• [EXERCISE]: Give the records again exactly, with every character kept.

• [DATASET EXTRACT]:
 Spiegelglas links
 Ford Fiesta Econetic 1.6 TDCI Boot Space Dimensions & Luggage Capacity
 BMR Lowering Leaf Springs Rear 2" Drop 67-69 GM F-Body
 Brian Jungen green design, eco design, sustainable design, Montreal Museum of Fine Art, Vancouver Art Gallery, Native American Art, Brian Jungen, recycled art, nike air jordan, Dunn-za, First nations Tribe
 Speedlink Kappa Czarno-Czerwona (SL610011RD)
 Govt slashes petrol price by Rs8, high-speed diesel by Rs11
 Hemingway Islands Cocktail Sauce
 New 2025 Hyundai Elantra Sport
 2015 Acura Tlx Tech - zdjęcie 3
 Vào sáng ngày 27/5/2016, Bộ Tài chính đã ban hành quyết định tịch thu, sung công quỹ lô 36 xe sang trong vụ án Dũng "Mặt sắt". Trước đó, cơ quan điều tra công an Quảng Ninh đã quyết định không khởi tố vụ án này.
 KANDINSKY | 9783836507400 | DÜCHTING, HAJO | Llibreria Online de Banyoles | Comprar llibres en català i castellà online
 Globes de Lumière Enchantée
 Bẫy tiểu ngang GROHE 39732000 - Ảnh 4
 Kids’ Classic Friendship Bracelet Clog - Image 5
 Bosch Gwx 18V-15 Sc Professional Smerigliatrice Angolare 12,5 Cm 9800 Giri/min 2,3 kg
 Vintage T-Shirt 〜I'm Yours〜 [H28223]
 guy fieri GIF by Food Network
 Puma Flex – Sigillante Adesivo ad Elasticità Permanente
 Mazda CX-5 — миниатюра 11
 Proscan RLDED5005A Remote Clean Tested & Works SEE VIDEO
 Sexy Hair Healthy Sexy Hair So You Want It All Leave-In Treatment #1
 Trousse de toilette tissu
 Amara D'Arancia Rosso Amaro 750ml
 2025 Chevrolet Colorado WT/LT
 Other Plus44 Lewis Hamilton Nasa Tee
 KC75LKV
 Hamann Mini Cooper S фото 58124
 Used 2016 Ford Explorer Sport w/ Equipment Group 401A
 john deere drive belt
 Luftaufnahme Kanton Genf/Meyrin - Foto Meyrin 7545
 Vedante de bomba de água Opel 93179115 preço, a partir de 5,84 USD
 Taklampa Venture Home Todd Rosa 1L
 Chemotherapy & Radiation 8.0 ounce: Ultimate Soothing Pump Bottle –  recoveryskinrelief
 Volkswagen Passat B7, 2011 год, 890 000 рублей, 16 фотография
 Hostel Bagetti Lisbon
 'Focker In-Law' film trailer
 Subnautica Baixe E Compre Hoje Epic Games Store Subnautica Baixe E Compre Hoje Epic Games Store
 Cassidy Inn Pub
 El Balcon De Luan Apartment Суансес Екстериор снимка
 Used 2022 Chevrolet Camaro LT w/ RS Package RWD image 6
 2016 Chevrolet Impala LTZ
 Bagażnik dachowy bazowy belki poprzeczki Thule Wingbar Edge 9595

• [RESPONSE BOX]:
 Spiegelglas links
 Ford Fiesta Econetic 1.6 TDCI Boot Space Dimensions & Luggage Capacity
 BMR Lowering Leaf Springs Rear 2" Drop 67-69 GM F-Body
 Brian Jungen green design, eco design, sustainable design, Montreal Museum of Fine Art, Vancouver Art Gallery, Native American Art, Brian Jungen, recycled art, nike air jordan, Dunn-za, First nations Tribe
 Speedlink Kappa Czarno-Czerwona (SL610011RD)
 Govt slashes petrol price by Rs8, high-speed diesel by Rs11
 Hemingway Islands Cocktail Sauce
 New 2025 Hyundai Elantra Sport
 2015 Acura Tlx Tech - zdjęcie 3
 Vào sáng ngày 27/5/2016, Bộ Tài chính đã ban hành quyết định tịch thu, sung công quỹ lô 36 xe sang trong vụ án Dũng "Mặt sắt". Trước đó, cơ quan điều tra công an Quảng Ninh đã quyết định không khởi tố vụ án này.
 KANDINSKY | 9783836507400 | DÜCHTING, HAJO | Llibreria Online de Banyoles | Comprar llibres en català i castellà online
 Globes de Lumière Enchantée
 Bẫy tiểu ngang GROHE 39732000 - Ảnh 4
 Kids’ Classic Friendship Bracelet Clog - Image 5
 Bosch Gwx 18V-15 Sc Professional Smerigliatrice Angolare 12,5 Cm 9800 Giri/min 2,3 kg
 Vintage T-Shirt 〜I'm Yours〜 [H28223]
 guy fieri GIF by Food Network
 Puma Flex – Sigillante Adesivo ad Elasticità Permanente
 Mazda CX-5 — миниатюра 11
 Proscan RLDED5005A Remote Clean Tested & Works SEE VIDEO
 Sexy Hair Healthy Sexy Hair So You Want It All Leave-In Treatment #1
 Trousse de toilette tissu
 Amara D'Arancia Rosso Amaro 750ml
 2025 Chevrolet Colorado WT/LT
 Other Plus44 Lewis Hamilton Nasa Tee
 KC75LKV
 Hamann Mini Cooper S фото 58124
 Used 2016 Ford Explorer Sport w/ Equipment Group 401A
 john deere drive belt
 Luftaufnahme Kanton Genf/Meyrin - Foto Meyrin 7545
 Vedante de bomba de água Opel 93179115 preço, a partir de 5,84 USD
 Taklampa Venture Home Todd Rosa 1L
 Chemotherapy & Radiation 8.0 ounce: Ultimate Soothing Pump Bottle –  recoveryskinrelief
 Volkswagen Passat B7, 2011 год, 890 000 рублей, 16 фотография
 Hostel Bagetti Lisbon
 'Focker In-Law' film trailer
 Subnautica Baixe E Compre Hoje Epic Games Store Subnautica Baixe E Compre Hoje Epic Games Store
 Cassidy Inn Pub
 El Balcon De Luan Apartment Суансес Екстериор снимка
 Used 2022 Chevrolet Camaro LT w/ RS Package RWD image 6
 2016 Chevrolet Impala LTZ
 Bagażnik dachowy bazowy belki poprzeczki Thule Wingbar Edge 9595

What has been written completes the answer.